I wrote a blog once a long time ago which was supposed to be an imagined dialogue between me and Ray Bradbury because I had fallen so in love with the idea of our being friends that I wanted to bring it to life. Even a minute ago I had a good blog about it but the damn thing never materialized. In it I explained how I like to bring things to life. That was what I had attempted at  in having an imaginary conversation with him in blog form. Sort of an interesting thing to do, my last blog (there were more than a hundred of them) was a lot more playful than this one. The imaginary dialogue failed because of the vulnerable feeling it created in me since I truly loved him. I have been trying to sing on film and I fail the same way, because I truly love myself and I look awful on camera. 
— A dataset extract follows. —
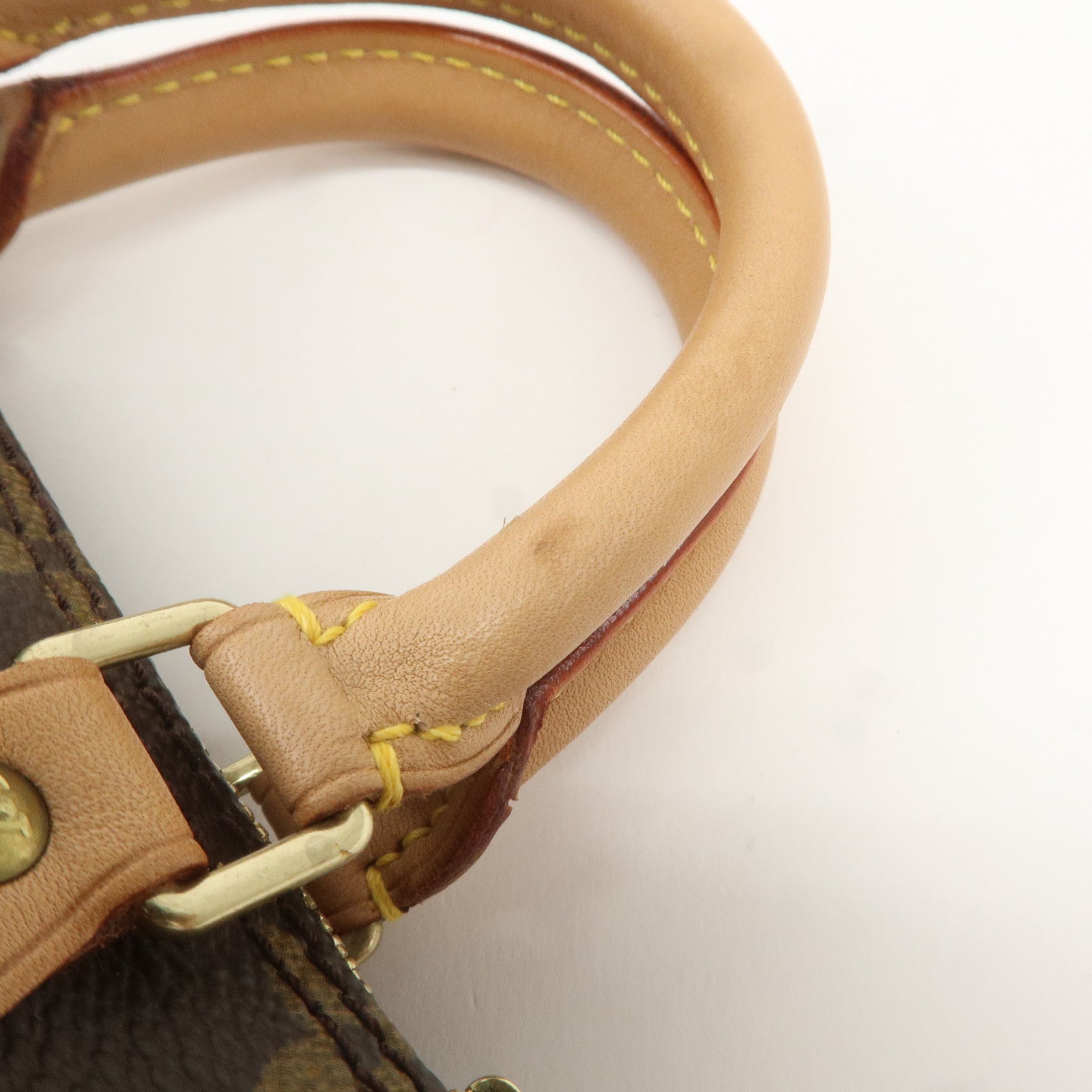 Louis Vuitton Monogram Mini Speedy 
Strap M41534 J00145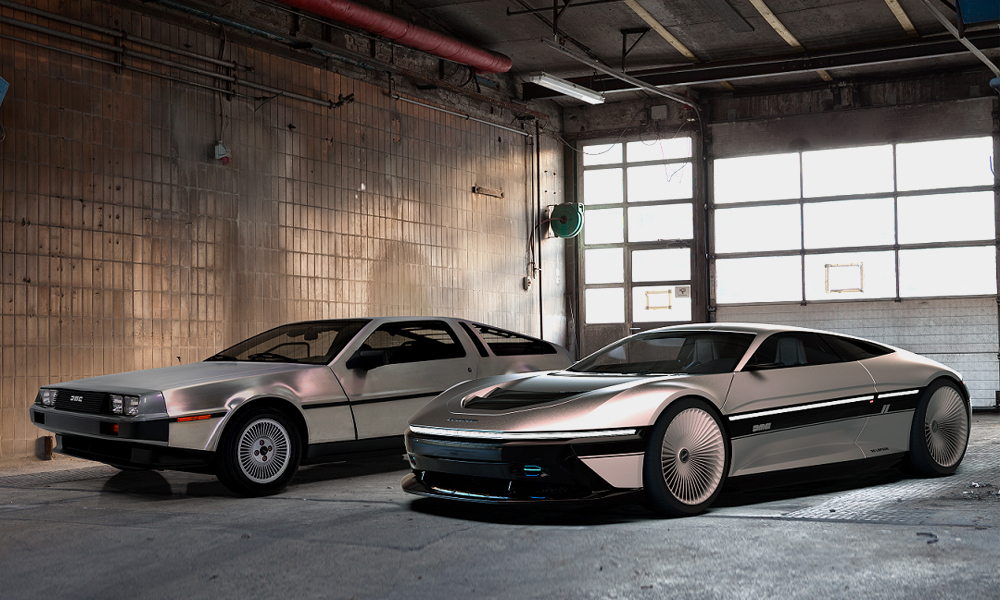 2021 DeLorean Concept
And so it is with this book I have of Mr. Bradbury's. Death is a Lonely Business isn't The Martian Chronicles, or Dandelion Wine or Farenheit 451, all great books but without a certain tone that to me has dimensions that exceed the quality which makes the others classic novels. But the tone, the playful and revealing tone which pervades this novel, seems to me a sort of childlike example of a man, so I've wondered if he may have resurrected it from his youth.

I checked this book out of the library some two or three years ago and had to return it before I finished it. I like how he is in this book, where it is a lot of himself and his thoughtful looking out at the world, it is not contrived, or complex or puzzling but more playful and beautiful like a self portrait. It may have also been when he wrote this book, because I read another book that came out within this period by him as well as one of Kurt Vonnegut's within 10 years or so, both of them seem to be speaking from a voice that is authentic and doesn't need to be cleaned up for the masses, as if for a time these established authors had a friendly relationship with their readership. 
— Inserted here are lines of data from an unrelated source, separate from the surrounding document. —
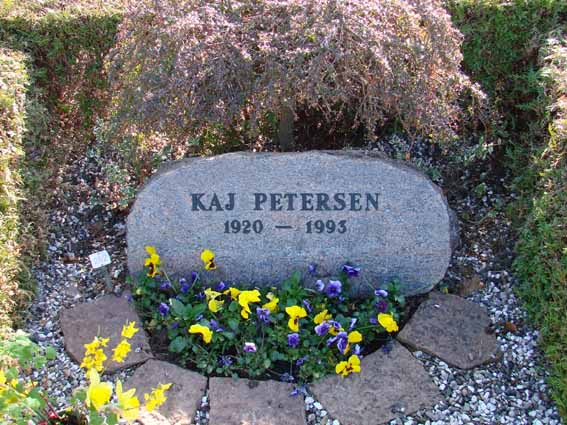 Billede af gravsten på Herning Vestre Kirkegård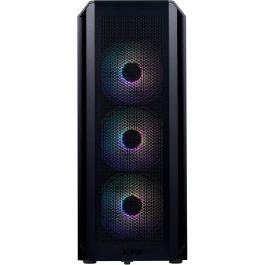 XPG Valor Air Plus ATX Midi Tower Negro Cristal Templado 4x120mm ARGB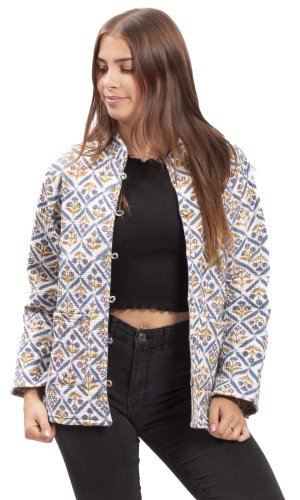 Dámský kabátek PARAT bílá II.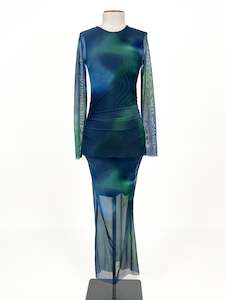 Bershka | Blue Cocktail/Formal Dress | Size XS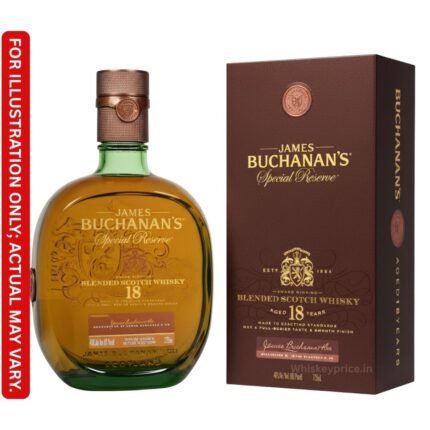 Buchanan's Special Reserve 18 YO Blended Scotch Whisky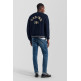 jeans homme  gas sax zip plus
I have a hard time reading novels because of the authors voice. They have since the 20th century become more and more self expressive, which is something I pay more attention to than the story. For instance, E.M Forester is a beautiful writer but I am sometimes repainting a sky with him in so much depth that I forget where we are. It's lovely,  but defeats the purpose.  Which could be why I'm here now, writing a blog, instead of reading,  which is what I was so happy to do this morning. 

Just think Shakespeare, that's how every author who writes for his own voice is to me. I like the news writers best for telling a story.

Anyway, I fall for these old dead men a lot. I have happy visions of us in our loving abodes. I was happily living with Ray behind creepy Stephen King-like spider and webbed, rod iron gates in an old Plantation home with a Miss Havisham interior, with lit candelabras and red wine at night, and mornings of natural light and tousled hair. Everything else is between us, you know, and no one else really matters and we are happier that way.

He wrote another book in this mindset, with visits to Hollywood sets to get detective help from childhood set designer friends, and rainy day visits to the cemetery. And if I dig around my closet I may find it. The library must hate me.